Un team di ricercatori olandesi, tedeschi e svizzeri si sta interessando alla trasformazione industriale di colonie di Hermetiaillucens, un insetto comunemente conosciuto come Black Soldier, in prodotti intermedi per la mangimistica animale e l’alimentazione umana.
In Italia il gruppo di ricerca che fa capo al prof. Schiavone dell’università di Torino ha pubblicato l’anno scorso due lavori sulla utilizzazione alimentare della farina delle larve di Hermetia (FOTO) nella dieta per polli da carne. Il primo di questi lavori (Dabbou et al., 2018) riguarda l’impiego della farina parzialmente sgrassata come ingrediente proteico al posto della farina di soia, a livelli crescenti: 0,5%, 10% e 15%. I risultati hanno chiaramente dimostrato che il livello più alto di inclusione ha avuto degli effetti significativamente positivi sulle performance di crescita, specie nei periodi “starter” e “grower”. Non sono stati riscontrati effetti di alcun genere sui parametri ematici, con l’eccezione dell’aumento della concentrazione di fosforo. Ma l’altezza dei villi e la profondità delle cripte intestinali hanno risposto negativamente al livello più alto della farina d’insetti. Il secondo lavoro (Schiavone et al., 2018) riguarda invece l’impiego del grasso di larve di Hermetia come ingrediente energetico, sempre nella dieta di polli da carne, al posto dell’olio di soia. I tassi di sostituzione sono stati del 50% e del 100% dell’olio di soia. In questo caso non sono state registrate differenze significative nei parametri di accrescimento e conversione alimentare, ma sono state riscontrate alcune trascurabili alterazioni istopatologiche alla milza, timo, borsa di Fabrizio e fegato. La conclusione dei ricercatori torinesi è stata così sintetizzata: “l’impiegodi larve di Hermetia non ha effetti negativi sui parametri di accrescimento, ma non favorisce la salute intestinale”.
Il Dr. Schmitt della ditta olandese Protix, produttrice di farine di insetti, ci informa che: “gli insetti sono gli animali più efficienti in termini di trasformazione e accrescimento, essendo a sangue freddo.
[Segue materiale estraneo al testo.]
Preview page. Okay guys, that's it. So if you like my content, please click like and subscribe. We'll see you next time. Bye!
In particolare, Hermetiaillucens può utilizzare una vasta gamma di alimenti, fra i quali i rifiuti di cucina, i residui di molitura dei cereali, della produzione di alcol e della birra e smette addirittura di alimentarsi prima di diventare adulto”.
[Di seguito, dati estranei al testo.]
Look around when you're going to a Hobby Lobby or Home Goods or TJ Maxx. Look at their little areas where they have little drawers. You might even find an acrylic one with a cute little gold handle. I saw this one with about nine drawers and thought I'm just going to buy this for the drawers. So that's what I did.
Il contributo dell’allevamento di insetti alla emissione dei gas serra rispetto a quello di altre attività finalizzate alle produzioni zootecniche sembra più sostenibile. Comunque, si sta lavorando a livello di Commissione Europea per introdurre anche in Europa la normativa per la certificazione “biologica” per la produzione di insetti, normativa già presente in Canada e Svizzera.
Personalmente, a parità di certificazione biologica, preferisco la bistecca di Chianina, almeno per il momento.